In musical and audio data storage, the first devices were also drum shaped, called phonograph cylinders, which were popularized by Thomas Edison. In the 1910s these were replaced as the dominant medium of sound recording by analogue disc records, commonly called gramophone records (in British English) or phonograph records (in American English). From the 1950s through the 1980s, audio recordings were also done on magnetic tape media of several types, although the vinyl record remained the most popular medium for home use. These were mostly replaced by compact disc technology, where the data is recorded in a digital format as optical information. This compact disc technology has been widely accepted, and data storage, using writable compact disks or CD-R devices is very common.

Access methods

Disk drives are block storage devices. Disk is divided into logical blocks (collection of sectors). Blocks are addressed using their Logical Block Addresses (LBA). Read or writing from/to disk happens at the granularity of blocks.

Mechanically, there are usually two types of motion: the constant rate rotation, which passes the data of a track sequentially under a read head, and the radial head motion or seek, which selects the track. Rotation is faster than seek, so the logical blocks are related in simple ways to the physical tracks.
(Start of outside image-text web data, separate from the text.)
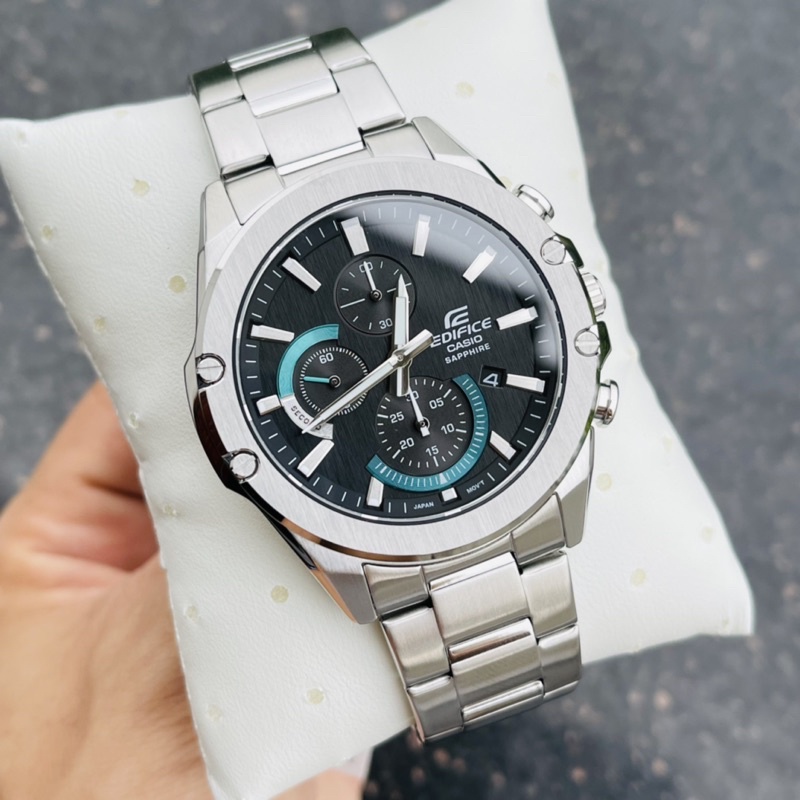 Đồng hồ Nam Edifice EFR-S567D-1AVUDF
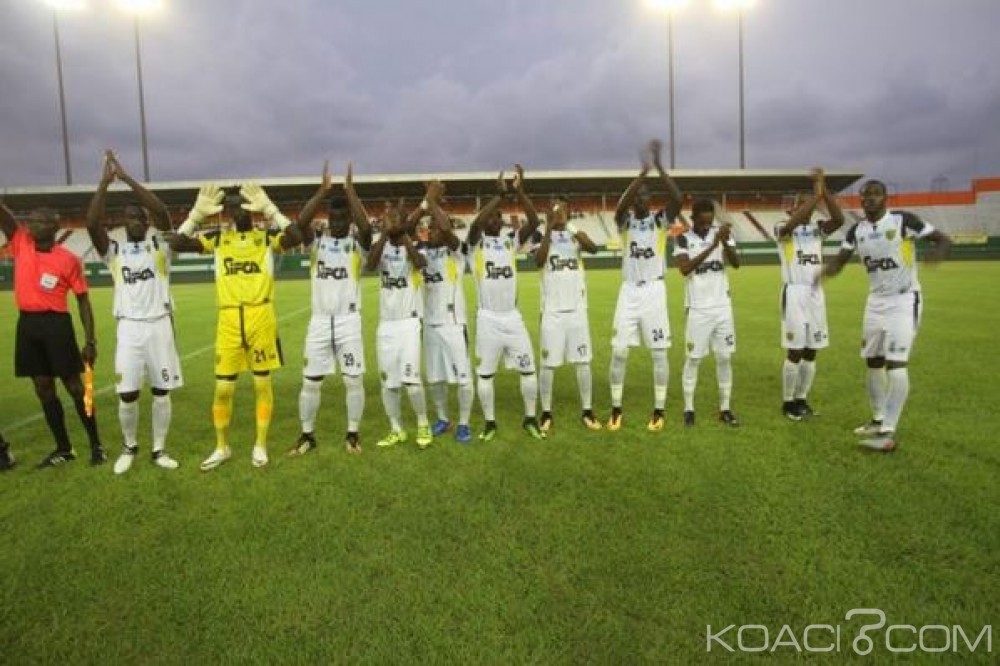 Côte d'Ivoire: Ligue1, la reprise  du championnat fixée au 14 février, le G42 va-t-il boycotter ?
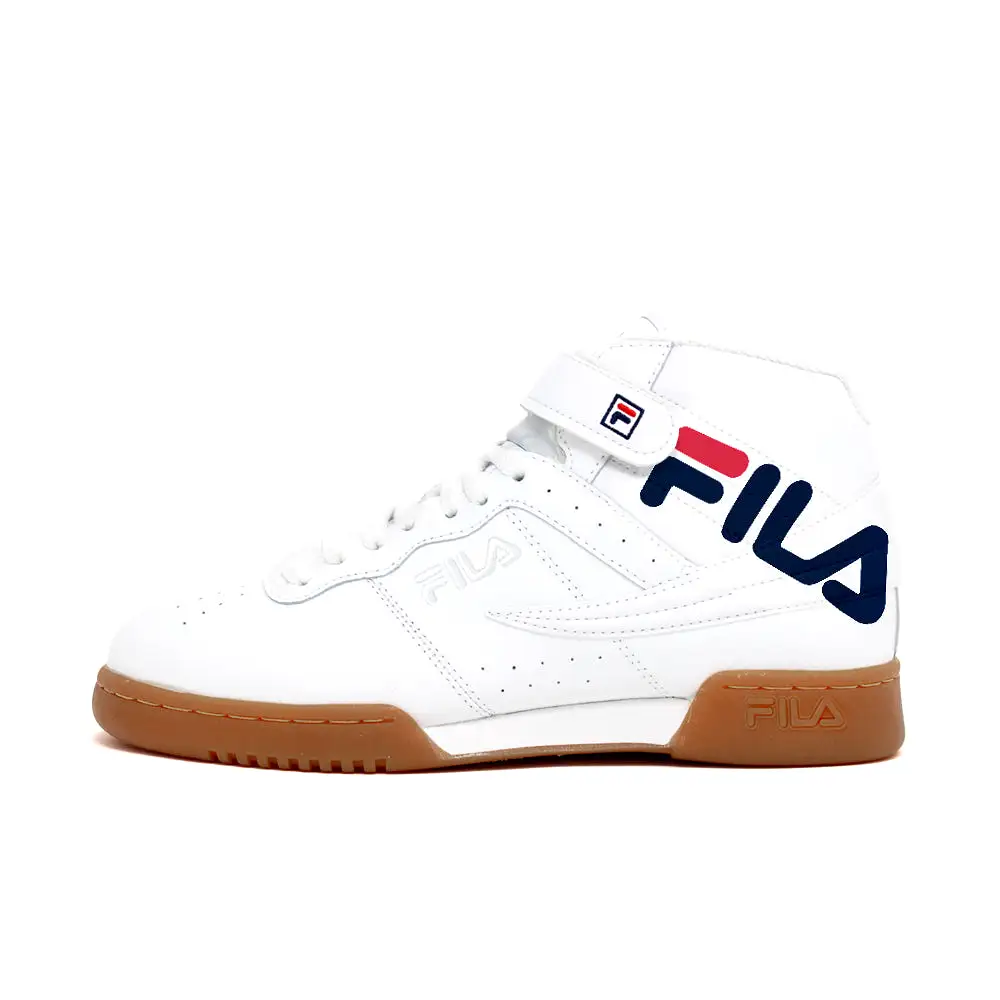 FILA F-13 LOGO MASCULINO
Disk drive interface is the mechanism/protocol of communication between the rest of the system and the disk drive itself. Different interface types include SCSI and SAS for enterprise disks, ATA, PATA, SATA for desktop disks.


Since a magnetic dipole field decreases rapidly with distance from the magnetic material, the space between the head and medium must be controlled with more precision than the thermal expansion of parts of the disk drive. The head, therefor "flies" or is hydrodynamically lubricated by air. That is, the air pulled along by the disk forces the head away from the disk surface. When the disk stops, the head must either "land" or be pulled away. Defects, wear or foreign objects such as dust, can distort the disk and head surfaces, so they make contact and damage each other further. When this process runs away, we say there is a "head crash". This results in lost data and an inoperable device. Head crashes are one of the reasons that important data must be backed up on some other device (often audio or video media). When removable hard disks were used, disc damage was contagious, since either the head or the disk could propagate the damage.

Basic terminology

  • Rotation - how the disks spin. Two techniques are common:
    • Constant angular velocity (CAV) keeps the disk spinning at a fixed rate, measured in revolutions per minute (RPM). This means the heads cover more distance per unit of time on the outer tracks than on the inner tracks. This method is typical with computer hard drives.
    • Constant linear velocity (CLV) keeps the distance covered by the heads per unit time fixed. Thus the disk has to slow down as the arm moves to the outer tracks. This method is typical for CD drives.
  • Sector - an area of disk enclosed within a given central angle (a pie piece)
  • Platter - an individual disk (since confusingly, what is now commonly called a single hard disk is in fact a set of disks)

  • Head - the device that reads and writes the information - magnetic or optical - on the disk surface.
  • Arm - the mechanical assembly that supports the head as it moves in and out.
  • Seek time - average time needed to move the head to a new position(specific track).
  • Rotational delay - average time, once the arm is on the right track, before a head is over a desired sector.
  • Interleave - the spacing between sectors. Since early hard disks had enough buffer space to read only one sector at a time, sequential sectors were physically spaced on the media to enable the next sector to be in the correct position under the head once the host was ready to read it. At an interleave factor of 3:1, three full rotations would be required to read an entire track. Almost all hard disks since Compaq and Western Digital defined the AT Attachment standard have however used an interleave factor of 1:1. Floppy disks are still usually interleaved.